Section 6008 of the Code relating to the lien of special assessment for street improvements provides that ‘ ‘ such liens shall have precedence over all other liens except ordinary taxes. ’ ’

This court has had occasion to pass upon the priority between lien of a drainage tax and the lien of a special assessment in the case of Charles City v. Ramsay, 199 Iowa 722, loc. cit. 724, 202 N. W. 499, 500, where this court said:

“We are therefore squarely faced with the question of determining, under these sections of the statute, which of these liens had priority. If we depend wholly upon the wording of the statute [6008], it would seem that the lien of the city for sewer purposes was prior, because the statute specifically says that such taxes shall have precedence over all other liens except ordinary taxes. * * * Sec. 1989-a45 provides that the ditch [drainage] taxes shall be a lien to the same extent and in the same manner as taxes, levied for county and state purposes. *1157 Under this last-named section, we had occasion to put construction on the wording therein in the case of Fitchpatrick v. Bothneras, 150 Iowa 376, 130 N. W. 163, 37 L. R. A. (N. S.) 558, Ann. Cas. 1912D, 534, in which it was claimed that a prior existing mortgag'e was superior to the ditch tax, but we held, in substance, that under this section of the Code just referred to, a ditch [drainage] tax took precedence over the mortgage. This would rather lead to the conclusion that too much dependence cannot be placed upon the difference in the wording of these two sections. Assuming therefore, for the purpose of argument, that, while differently worded, under our interpretation they were of force and effect the same as though worded identically, we then have two sections of the statute providing for different species of taxes, each given precedence over other liens, except general taxes. Thus, viewing the statute, we had this identical question before us in the ease of Des Moines Co. v. Smith, 108 Iowa 307, 79 N. W. 77, and we there held that under such circumstances the maxim of 'first in time, first in right,’ applies. In other words, as between two conflicting claims, like these at bar, the lien first perfected will have the superior right, and we have no disposition at present to recede from the position taken in that case.”

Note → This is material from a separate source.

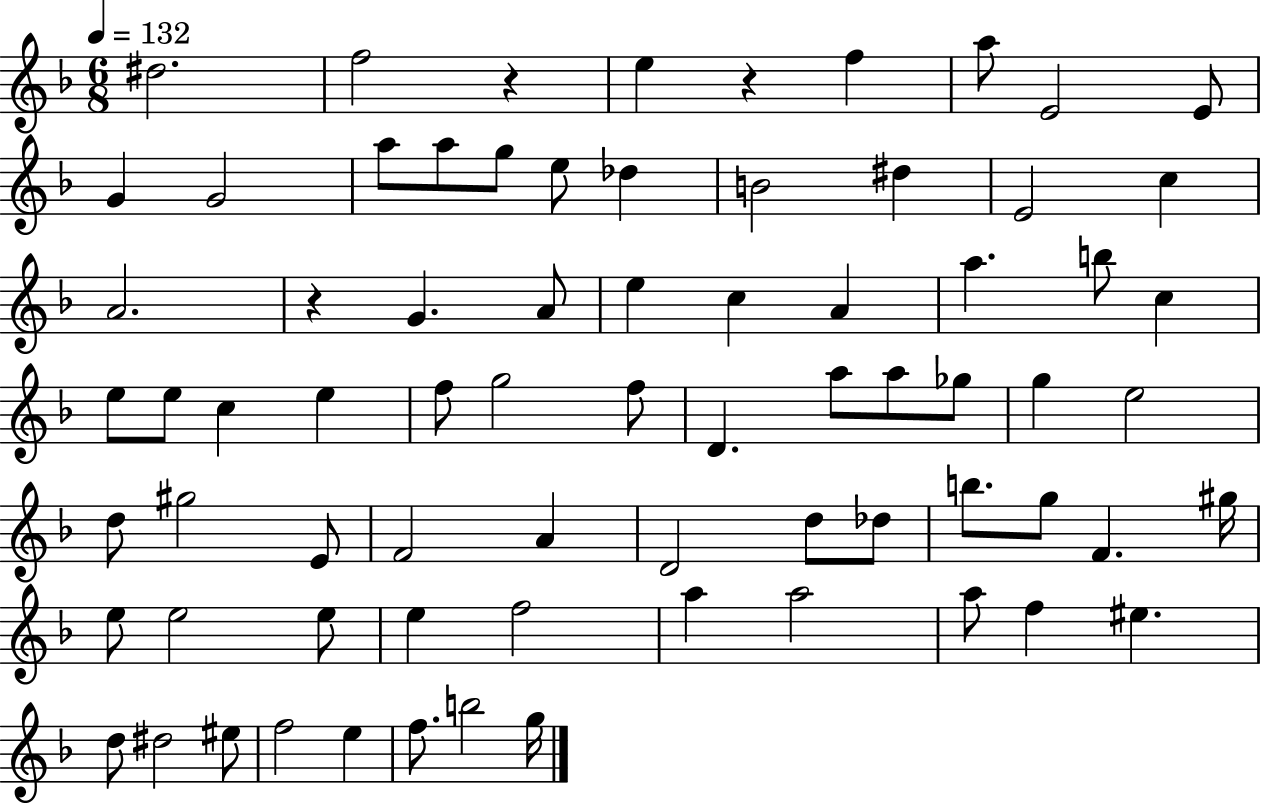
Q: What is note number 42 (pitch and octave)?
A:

Section 1989-a45 (Code Supp. 1913) referred to in the foregoing quotation was in force at the time the drainage tax in question was assessed. The provisions of this section are substantially equivalent to the provisions of section 7478, which provides that drainage taxes "shall be a lien upon all premises against which they are assessed as fully as taxes levied for state and county purposes.” As this court has, in the case of Charles City v. Ramsay, supra, passed upon the question of the priority between lien of a drainage tax and the lien of a special assessment, we are controlled thereby. The court in that case held that the lien given for a drainage tax and that given for a special assessment for street improvements "were of force and effect the same as though worded identically. ” If, therefore, these liens are of the same force and effect ‘ ‘ as though worded identically, ’ ’ it necessarily follows that they are of equal priority. It is the. settled law of this state that the lien of a special assessment for unpaid future installments is cut off by the sale of the property for general taxes.